NEW YORK (AP) — As the anniversary of Eric Garner's death approaches, Mayor Bill de Blasio proclaimed that he has faith in the reforms made to the New York City Police Department following the chokehold killing that shook the country's largest city and contributed to a national focus on policing communities of color.

Garner, an unarmed black man, was placed in a chokehold by a white police officer during a confrontation on a Staten Island street over loose cigarettes on July 17, 2014. A cellphone video, which was shared around the world, captured Garner saying, "I can't breathe!" 11 times as he was restrained.

"Obviously, the anniversary is on my mind," said de Blasio Monday after an unrelated event in the Bronx. "I think it's on the mind of many New Yorkers. And I think the important thing is to stay focused on the work of reform."

De Blasio on Monday noted that the NYPD has revamped its training program and all officers are being newly taught on how to handle street confrontation. A few police precincts have begun a pilot body camera program, while Police Commissioner William Bratton is placing an emphasis on improving relations with the public at the heart of his plan to reinvent how officers patrol their beats.
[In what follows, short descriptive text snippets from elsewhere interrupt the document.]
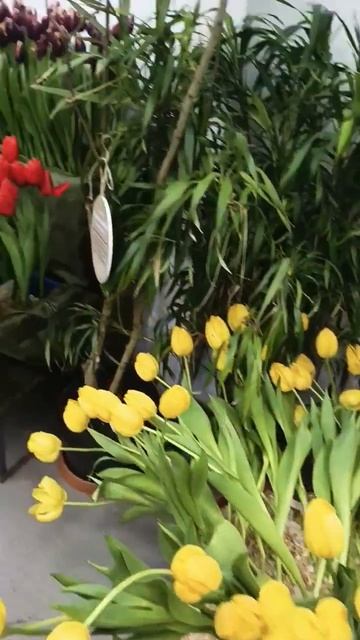 Фестиваль цветов в Ботаническом саду Петра Великого #? смотреть онлайн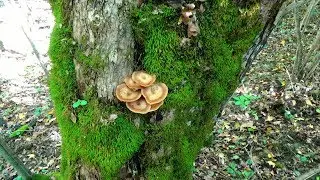 В лес за опятами октябрь 2018, Горячий ключ Краснодарский край🌳🌲🌿🍀🍄🍁🍂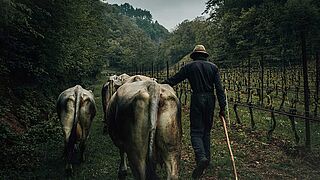 Køer i Foradori-vinmarken Køer i Foradori-vinmarken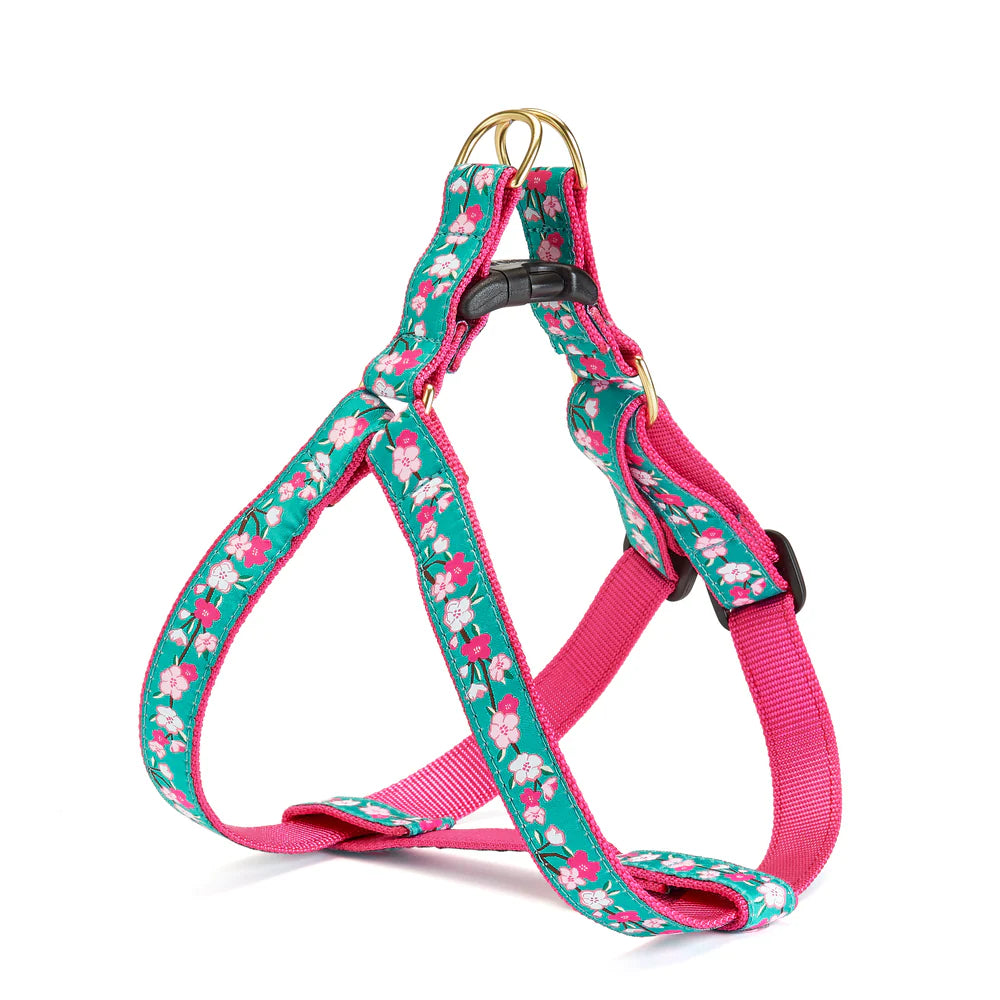 Up Country Harnesses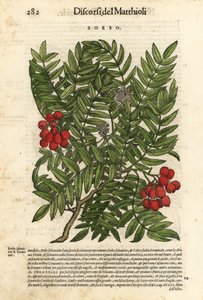 Europæisk rønnetræ, Sorbus aucuparia. Håndkoloreret træsnit af Wolfgang Meyerpick efter en illustration af Giorgio Liberale fra Pietro Andrea Mattiolis Discorsi di P.A. Matthioli ne i sei libri della Materia Medicinale di Pedacio Dioscoride Anaza. af Unbekannter Künstler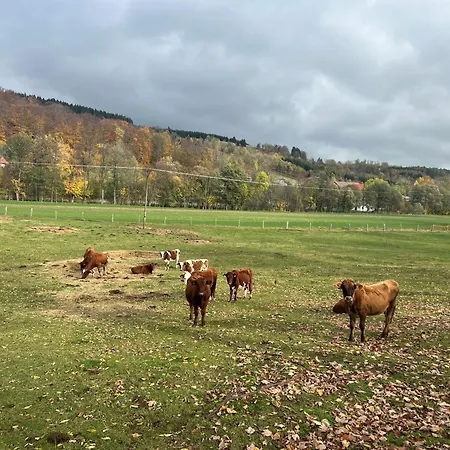 Osada Aurora Caloroczne Z Jacuzzi Z Widokiem Na Jezioro I Gory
"I think what's going to happen in the next few years is (that) community residents will get to know their officers personally, and vice versa, and it's going to be something very different and much better than we've seen in the past," the mayor said. "So, a lot has changed in the last year, but I'm particularly hopeful about where we're going."

Later Monday, city officials announced a $5.9 million settlement reached with Garner's family. The city did not admit any liability.

"By reaching a resolution, family and other loved ones can move forward even though we know they will never forget this tragic incident," said de Blasio.

Garner's death reopened an old wound for many minorities, who have felt discriminated against by police policies. It also set off a chain reaction of events that plunged de Blasio's mayoralty into crisis.

In the weeks after Garner's death, the city was swept by protests. They ignited again in December after a Staten Island grand jury declined to indict the officer who placed Garner in the chokehold.

And days after the decision, a gunman who mentioned Garner on social media ambushed and killed two New York City police officers as they sat in their patrol car. The city's police unions turned on de Blasio, accusing him of fostering an anti-NYPD sentiment by allowing the protesters to occupy the city streets. Many officers turned their backs on the mayor at their slain colleagues' funerals and later embarked on a work slowdown.

An uneasy truce between de Blasio and the police unions has since emerged. City Hall officials said that de Blasio would mark the anniversary of Garner's death in some fashion but did not supply specifics.